** Source material follows **

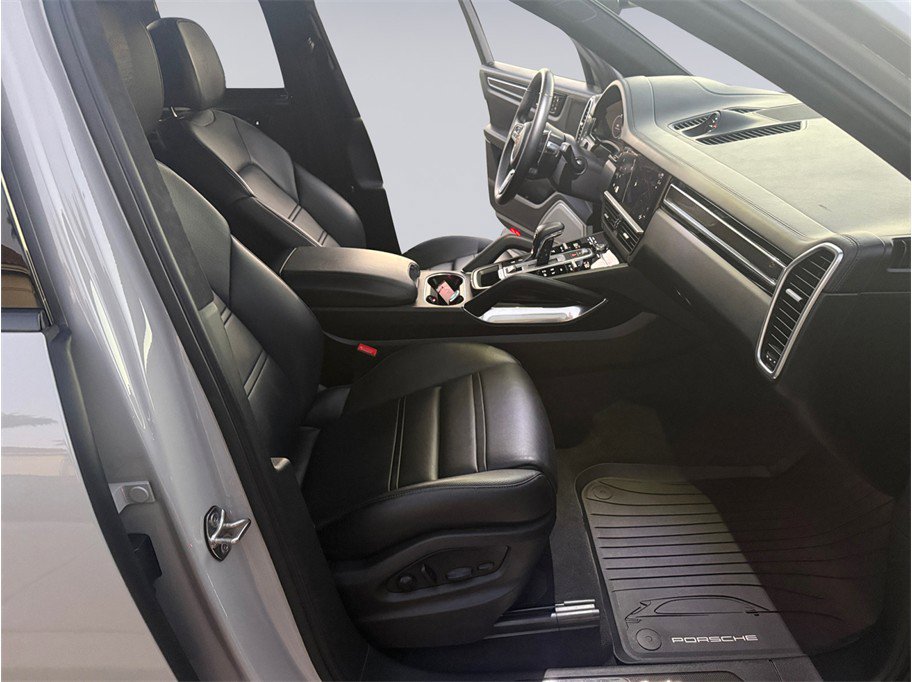 Used 2023 Porsche Cayenne Turbo image 28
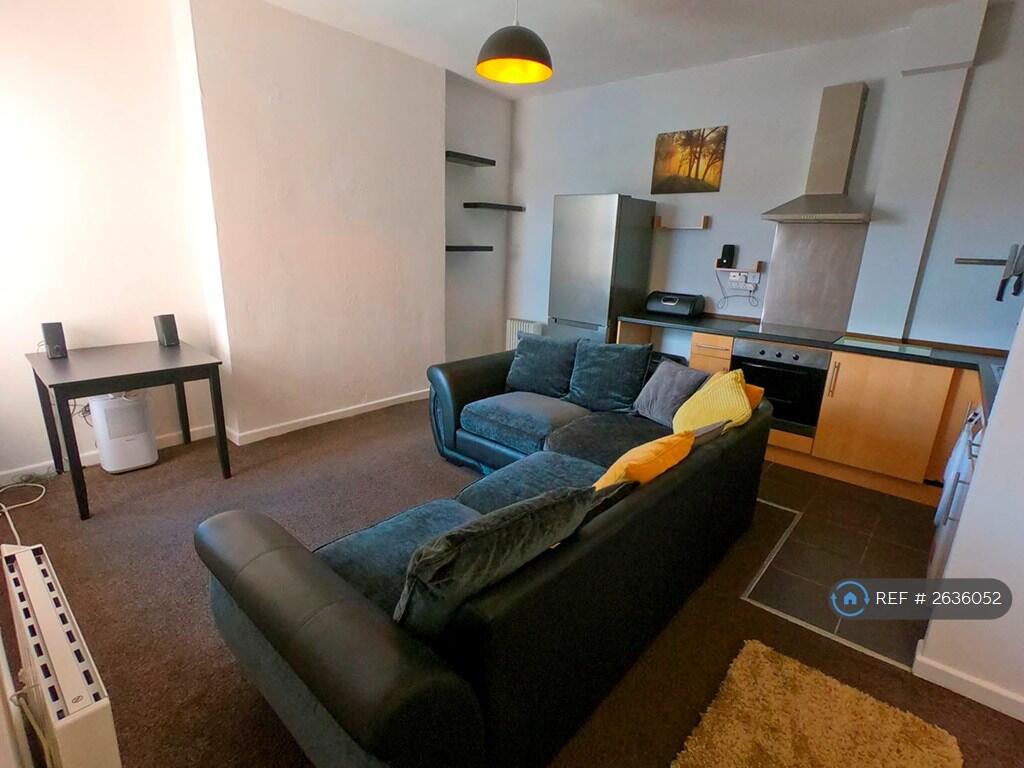 Lounge &amp; Kitchen 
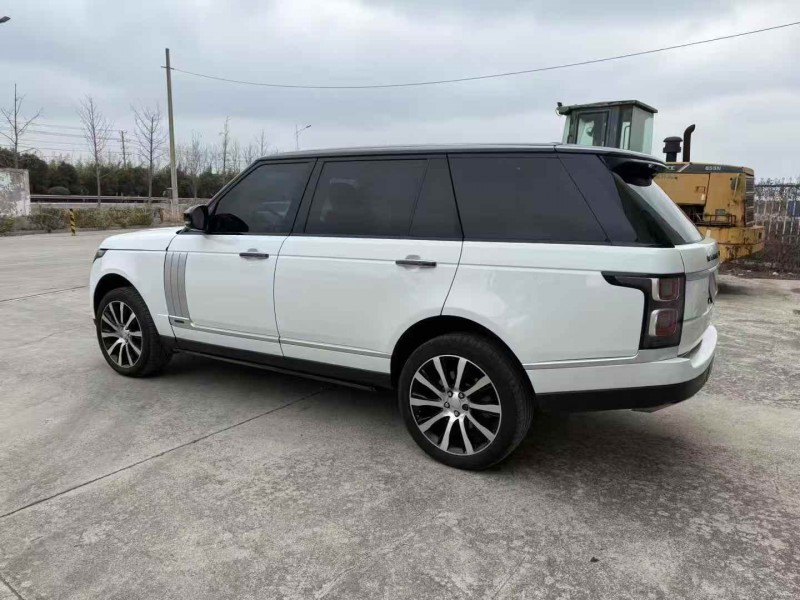 徐州15年路虎揽胜行政8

** End of Source material **

Activity: Return the data word for word without its pictures.

Worked solution:
 Used 2023 Porsche Cayenne Turbo image 28
 Lounge &amp; Kitchen 
 徐州15年路虎揽胜行政8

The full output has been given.